Current European standards, certification systems, and marketing trends impacting the broiler meat industry were also introduced to the audience. “The early adopters of the new standards proved to win simply because the new production west EU systems in broiler production are generating diversification and even if the production costs are increasing, there is a positive effect on encouraging the domestic broiler production in each country, where system implemented. Refocusing on the domestic market should be taken into account by the Russian poultry producers because only 10 – 15 percent from the broiler meat produced around the world is exported,” added Dr. Chihaia.
“I truly enjoyed the time and visiting with the VNITIP on behalf of USSEC. It has been an excellent opportunity to really connect with researchers and professionals from the Russian poultry industry.
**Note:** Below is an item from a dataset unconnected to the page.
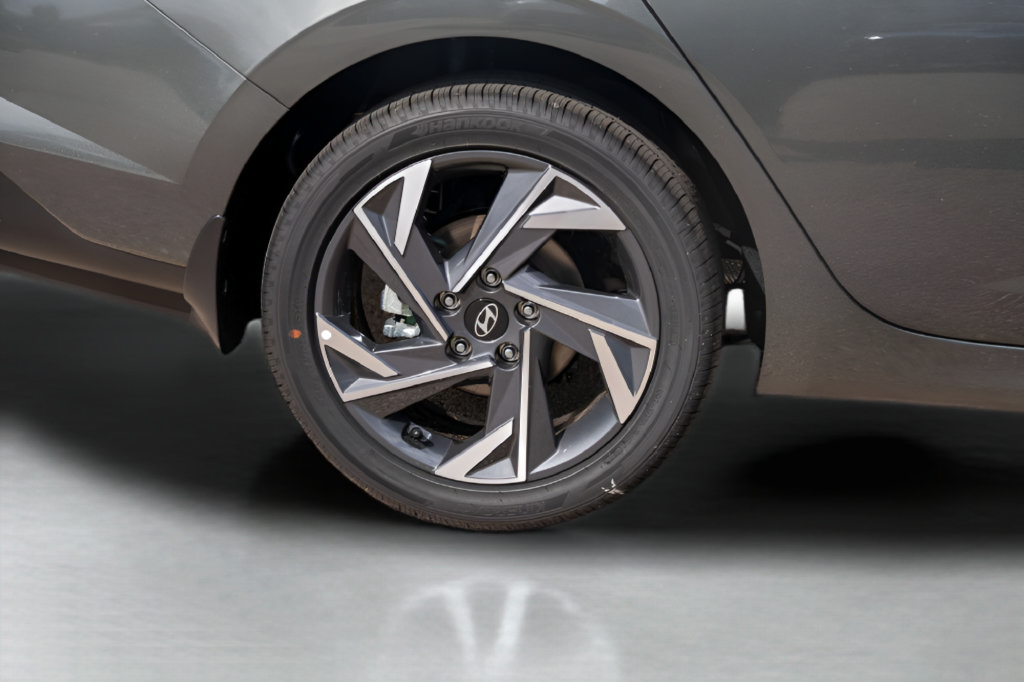 New 2025 Hyundai Elantra SEL FWD image 11
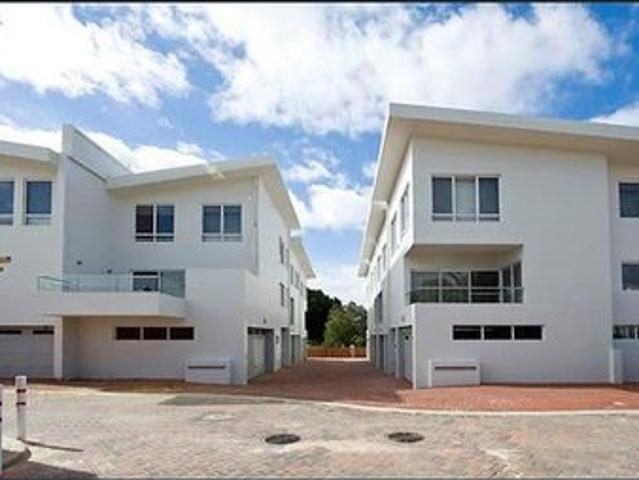 3 STOREY SPACIOUS TOWNHOUSE IN STRATEGIC NEAR CITY CENTRAL LOCATION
People were very friendly and the attendance was the perfect size for networking. Thank you for holding this seminar and making me feel so welcome. I’m looking forward to the near future events,” said Dr. Chihaia in his final remarks.
In return, the managers and leading specialists of the Russian Poultry Institute thanked USSEC’s contribution offered to the event. Dr. Manukyan said that the institute highly values the long-term relationships and support of USSEC and that the seminar attendees were exceptionally interested in information delivered by Dr. Chihaia.
Academician Vladimir Fisinin, the Scientific Leader of the Poultry Center, is the President of the Russian and Eurasian Poultry Unions, the President of the Russian National Committee of the World Poultry Science Association, and one of the most respected and known Russian specialists in the poultry area, delivered a lecture on the second day of the seminar. He extracted excellent insights from research and worldwide trends to deliver a deep understanding of the world poultry industry to be able to aid poultry research and commercial industry professionals in identifying strategic gaps and opportunities in poultry production.